I also recommend looking at https://skip.tools which has cross platform SQLite for iOS and Android (you write your app in swift and SwiftUI and it generates the Android project and kotlin code)

Btw I use GRDB in my iOS/macOS app here: https://reader.manabi.io Manabi Reader, a Japanese learning app. I use SQLite for dictionary searches which works ok for Japanese only because I’m only searching dictionary expressions and not sentences

m_fayer · 2024-08-10T10:47:16.000000Z

Thanks for the input! Did you need to ship your own binaries of sqlite that include fts5 or does skip do that for you?

wahnfrieden · 2024-08-10T15:54:39.000000Z

I haven't used Skip yet, but the two founders are very responsive on twitter / elsewhere if you want to ask about that. I used GRDB for FTS5

philippta · 2024-08-09T11:46:15.000000Z

Not sure if I'm holding it wrong, but when I played with it I nowhere got results that are anything remotely like a proper search engine (thinking of Algolia, Elasticsearch, etc.).

It was good at finding the text I was searching for but in terms of ranking them, it felt like it needed a lot of post processing.

meindnoch · 2024-08-09T12:09:32.000000Z

Have you used ORDER BY bm25(...)?

spa5k · 2024-08-09T06:51:42.000000Z

Can you do fuzzy search with it?

jbaiter · 2024-08-09T07:18:03.000000Z

Not by default, no. But you could kind of implement it by providing a custom tokenizer that emits multiple terms for the same position in the document, with different variants of the same token. This would not be "proper" fuzzy search, but might be enough depending on the use case.

See https://www.sqlite.org/fts5.html#synonym_support for more details on the different approaches for implementing synonyms in custom tokenizers.

spa5k · 2024-08-09T07:33:14.000000Z

I don't think that will work for me, since I needed something that can handle mistakes in the words, like Du'ha to duha etc, Rahman to rehman, basically whatever looks closest.
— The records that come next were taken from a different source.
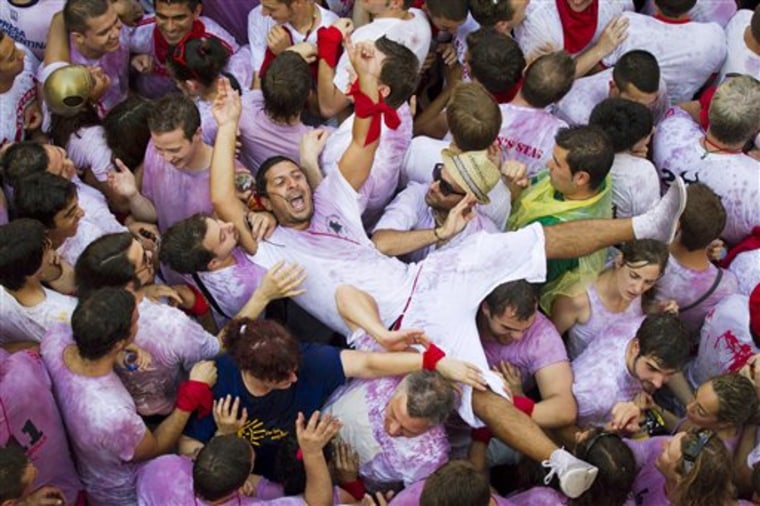 A man is held up by revelers, during the 'Chupinazo', the official opening of the 2011 San Fermin fiestas on Wednesday, July 6, 2011 in Pamplona, Spain. The festival of San Fermin, or the Pamplona bull running as it's more commonly known outside Spain officially begins at midday on 6th July every year with the 'chupinazo' which takes place on the balcony of the Casa Consistorial in Pamplona. Thousands of people congregate in the square awaiting the mayor's official announcement that the fiestas have begun, a rocket is launched and the partying gets underway.(AP Photo/Daniel Ochoa de Olza)
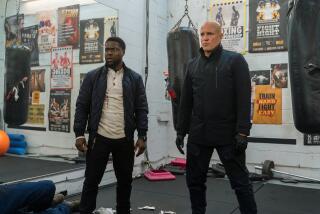 Kevin Hart and Woody Harrelson  in “The Man From Toronto”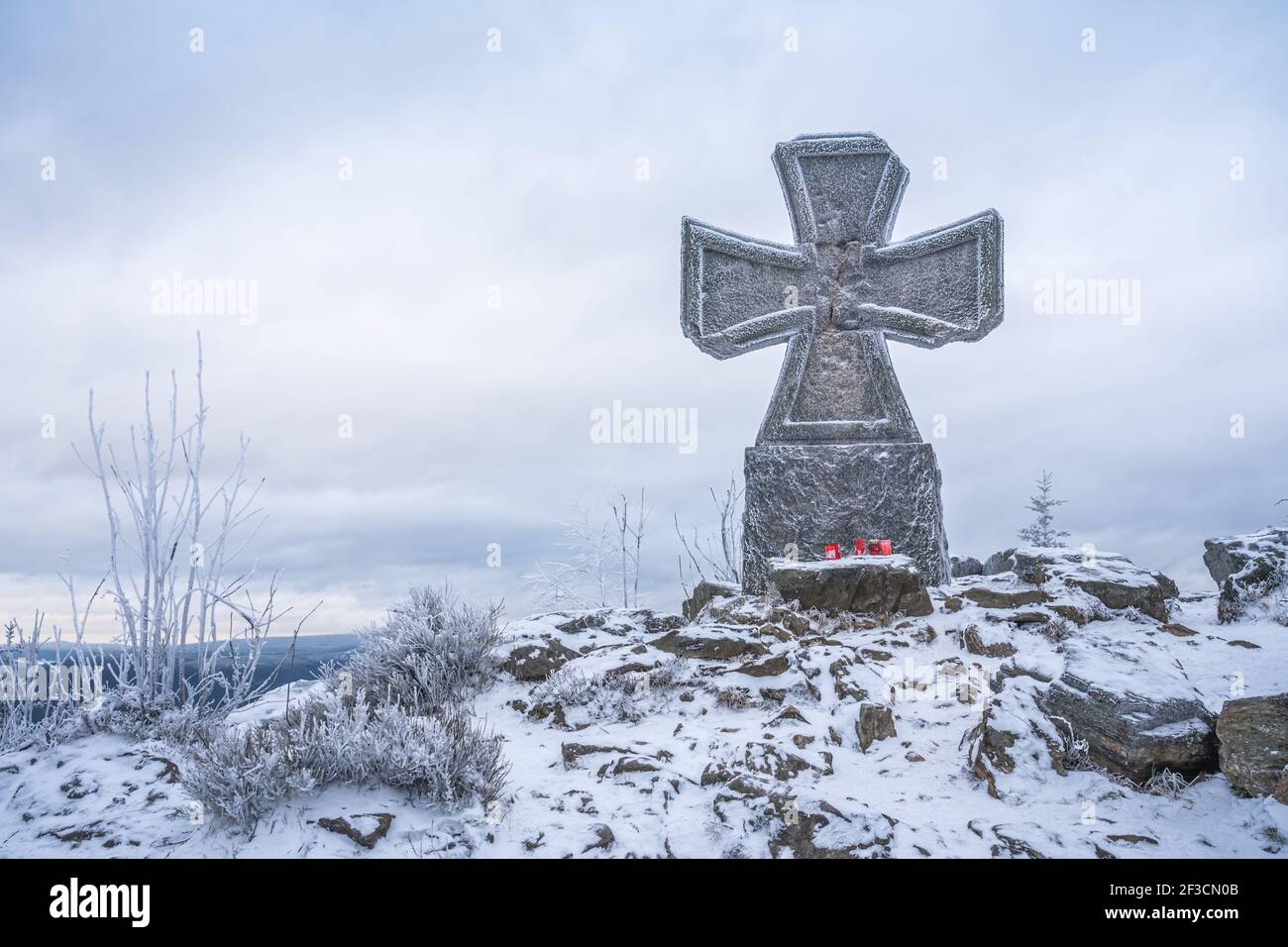 Croix de guerre en pierre près de la tour de belvédère Stepanka, à la frontière des monts Krkonose et Jizera. Jour couvert d'hiver, ciel avec nuages, arbres couverts Banque D'Images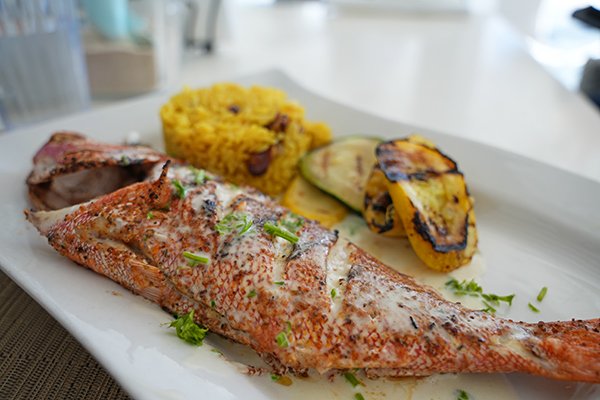 Grilled Whole Snapper at Tasty's Beach Club on Rendezvous Bay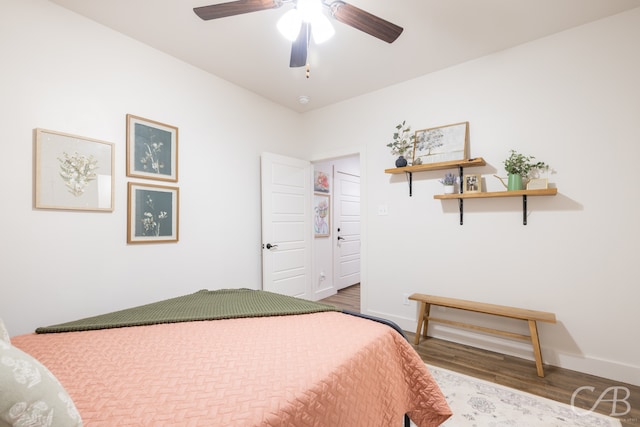 bedroom with ceiling fan and hardwood / wood-style floors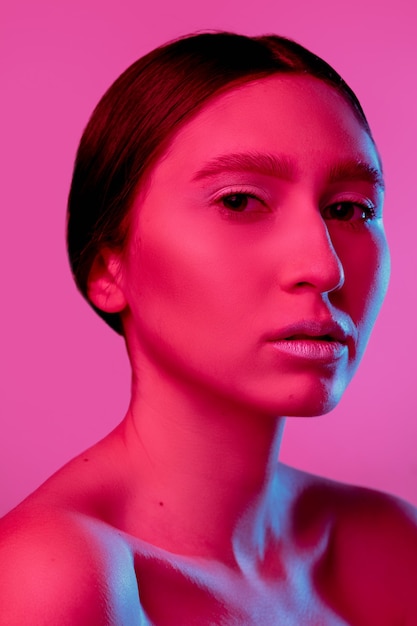 Handsome woman's portrait isolated on pink studio background in neon light, monochrome. Beautiful female model. Concept of human emotions, facial expression, sales, ad, fashion and beauty.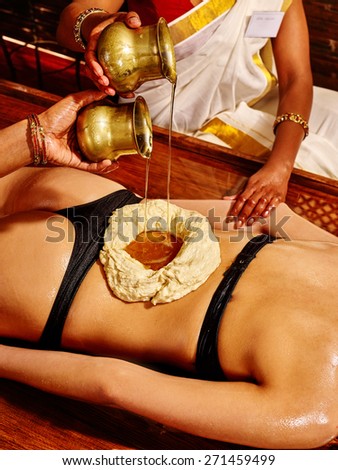Young woman having stomach Ayurveda spa treatment. Treatment of lumbar.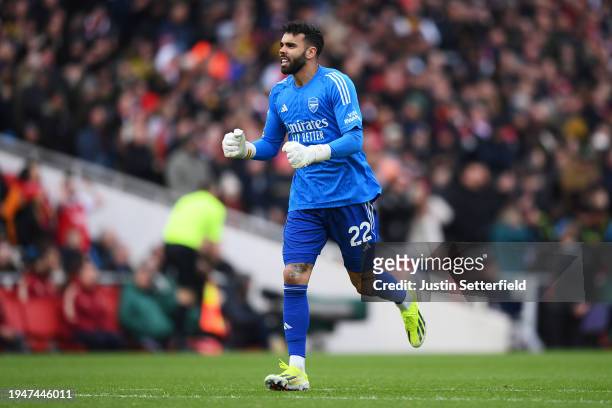 David Raya of Arsenal celebrates after teammate Leandro Trossard scores the team's third goal during the Premier League match between Arsenal FC and...
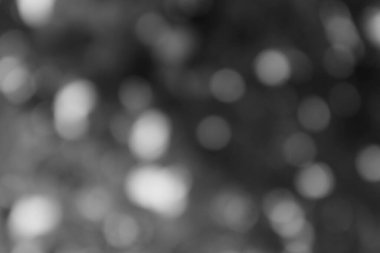 Sanatsal tasarımlar ve arka planlar için ince gri tonlu bokeh dokusu ideal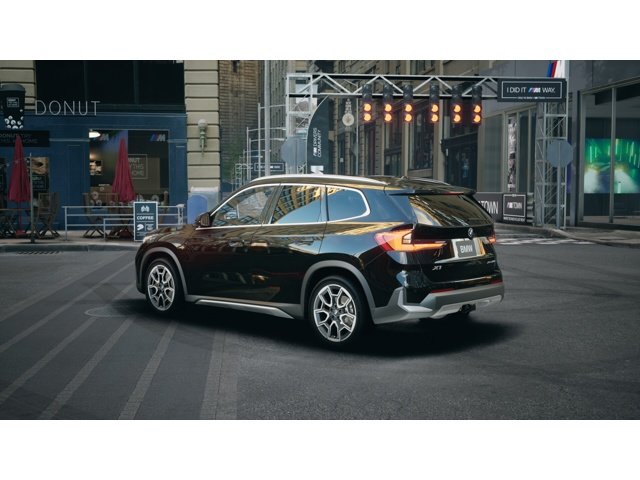 New 2027 Black Sapphire Metallic BMW  image 2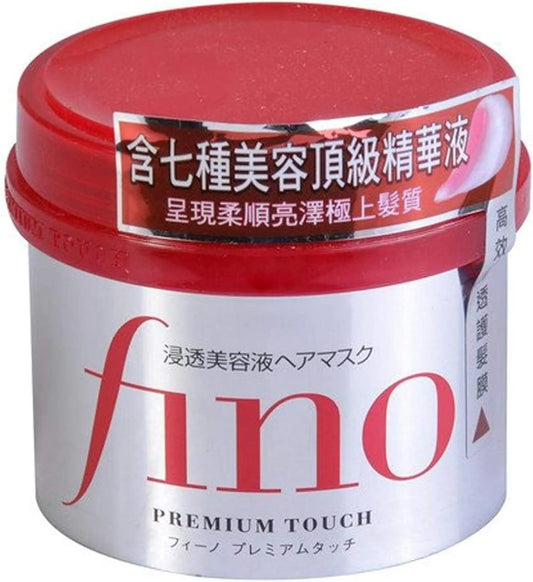 Jar of 'fino' hair mask with red lid and white label on a white background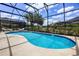 Screened-in pool with chaise lounge, with well maintained landscaping at 2712 Lido Key Dr, Kissimmee, FL 34747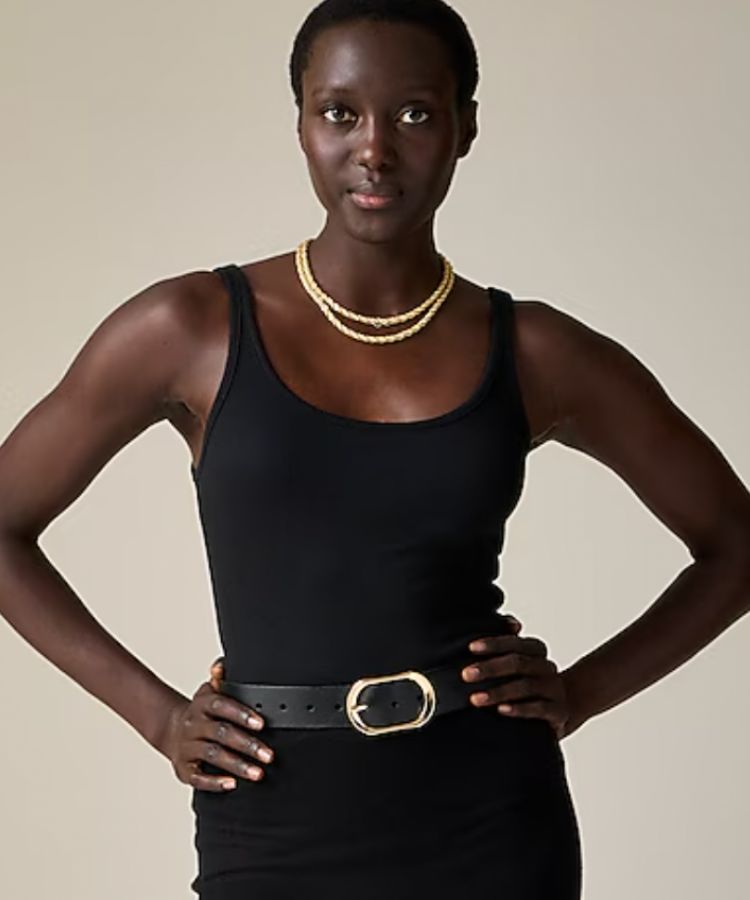 A white scoop-neck tank top.
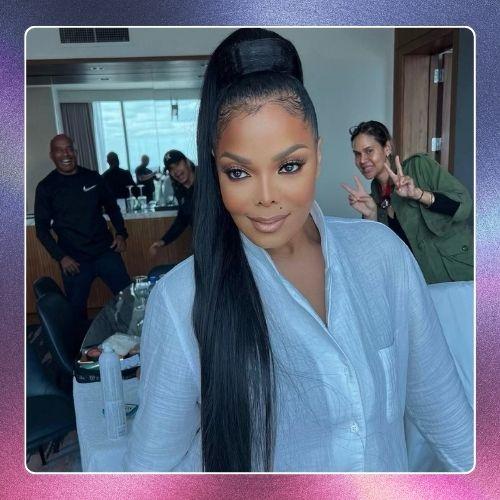 Janet Jackson in a light blue shirt with a sleek high ponytail hairstyle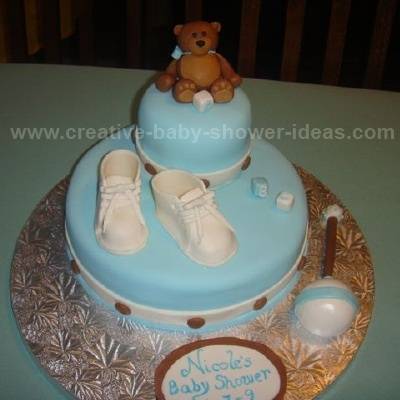 blue baby cake with chocolate dots white booties and brown bear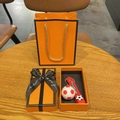 Détail d'un porte-clés football rouge et blanc avec son coffret cadeau orange élégant - Football Rouge Avec Boîte et Sac Cadeau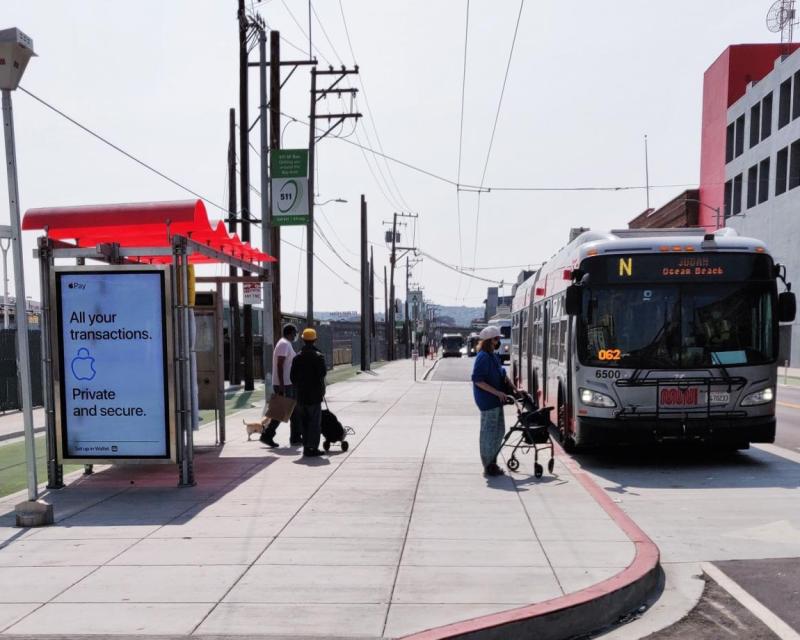 Customers boarding Muni bus on newly built sidewalk loading island on Townsend Street.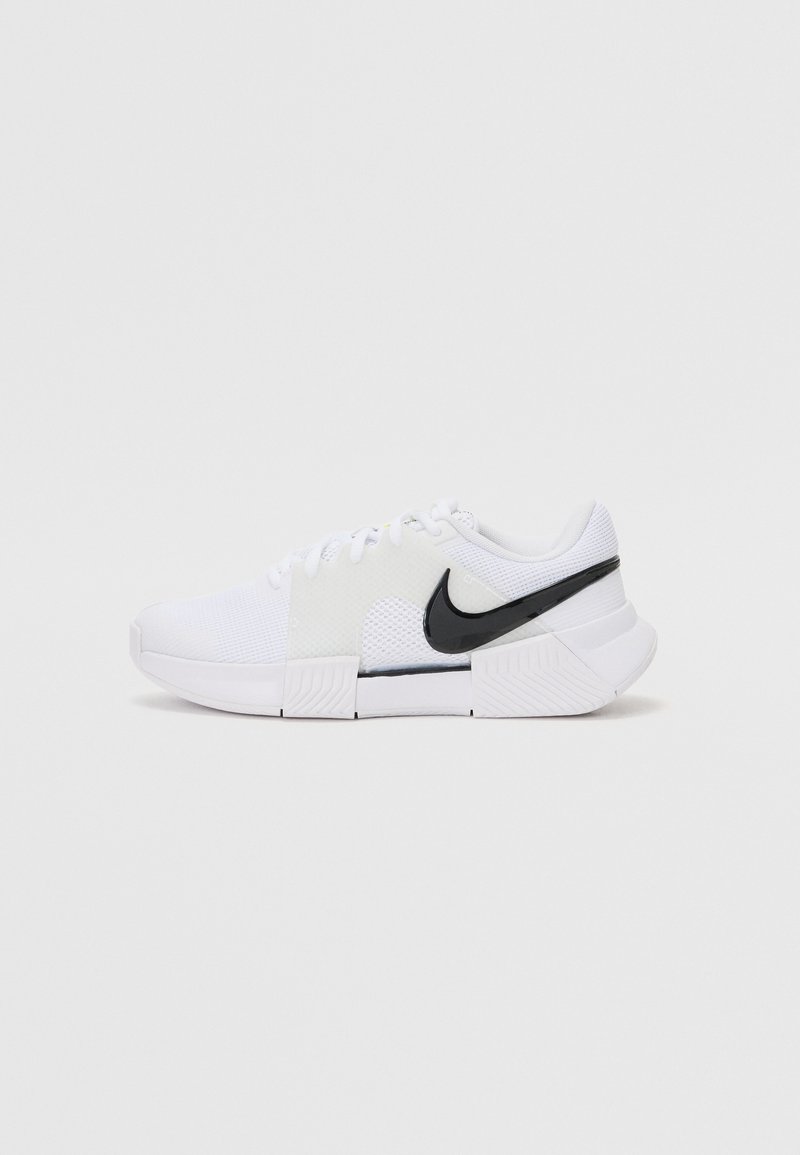 Weißer Sportschuh aus Mesh und synthetischem Material, mit einem schwarzen Nike-Swoosh, Schnürverschluss und strukturiertem Sohlen.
jbaiter · 2024-08-09T08:37:09.000000Z

One thing you could do: FTS5 has the `fts5vocab` virtual table [1] that has all the terms. You could provide a user-defined function that computes the levenshtein distance between your query terms and the terms in that table, obtain candidate terms that way and build a big query that searches for all those lexically close terms.

[1] https://www.sqlite.org/fts5.html#the_fts5vocab_virtual_table...

jerrygenser · 2024-08-09T12:07:32.000000Z

I can confirm an approach like this works in practice.

Although instead of levenshtein I use spellfix (maybe it uses that under the covers? not sure). If there is no match from the first search, I use the sqlite spellfix extension [0] to find matches. Then feed those candidates into the terms.

https://www.sqlite.org/spellfix1.html

jbaiter · 2024-08-09T12:39:16.000000Z

Ah, that's great, didn't know about that :-) It seems to use a similar edit-distance algorithm under the hood, and the docs explicitely mention integration with the FTS extension, so this is probably the way to go!